These are simple poems with an often depressing message. They are written in various places about different people around the country. In a rhythmic almost hypnotic metre Sam Hunt talks about death, love and cynicism in 30 short poems Sometimes the simplicity is so marked that the poems are trivial pop songs as in Modigliani Girl.

Denim blues
my mind a swirl
You drive me mad
my mod Modigli — mod
li — ani Girl.

The musical imagery is continued by reptative verses such as:

Daddy used to come
home every night

which is repeated 11 times in an 18 line poem. It begins to look less like poetry and suspiciously like space filling.
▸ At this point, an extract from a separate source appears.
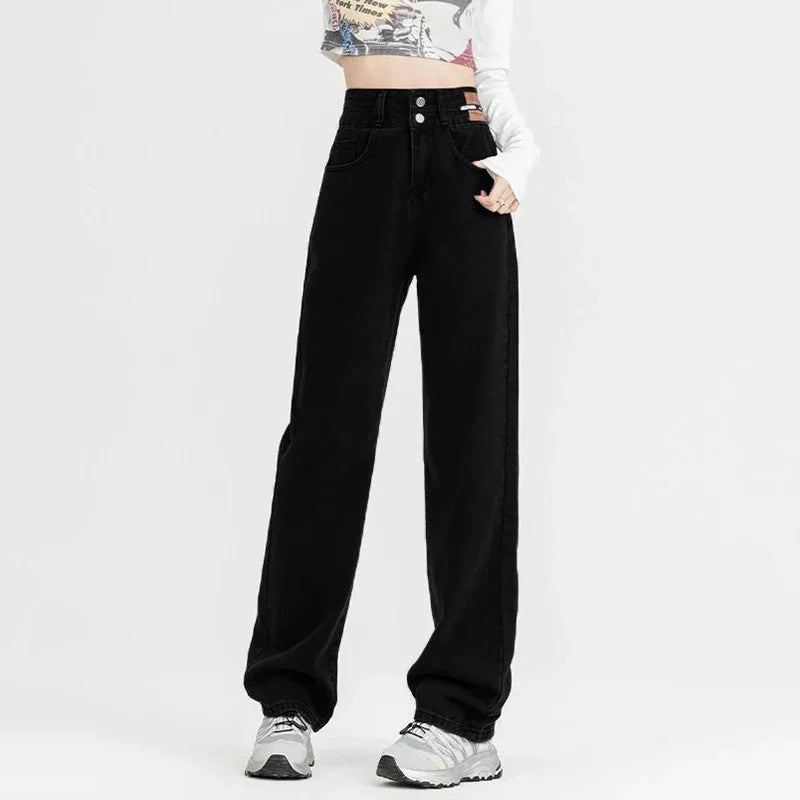 New Woman Korean Double Buckle Design Jeans Female Winter Snow Warm Thermal Plush Pants Girls Popular High Waist Denim Trousers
In several poems the colloquial language and rhyming couplets sound like doggerel.

The poem that epitomises Hunt's wandering indiscipline is We Could Just Disappear:

We disappear
ten carriages of us
a tunnel as long as
tomorrow, next term
a tunnel as long as time

No one knows when
we will come out the other end
we could go on and on and
on forever and never
come out again
We could just disappear

Sam Hunt

Sam Hunt

There is no analysis or understanding in these poems just statements and situations. Hunt never stays long enough in one place to either understand or explain what he writes about. There is no depth in his poetry. They make pleasant reading but give no great insights.

The poems are published on two sheets of orange and two sheets of grey paper interspersed with several rather gloomy photos concertinared in a trendy purple folder that is already falling apart-hardly worth $2.95.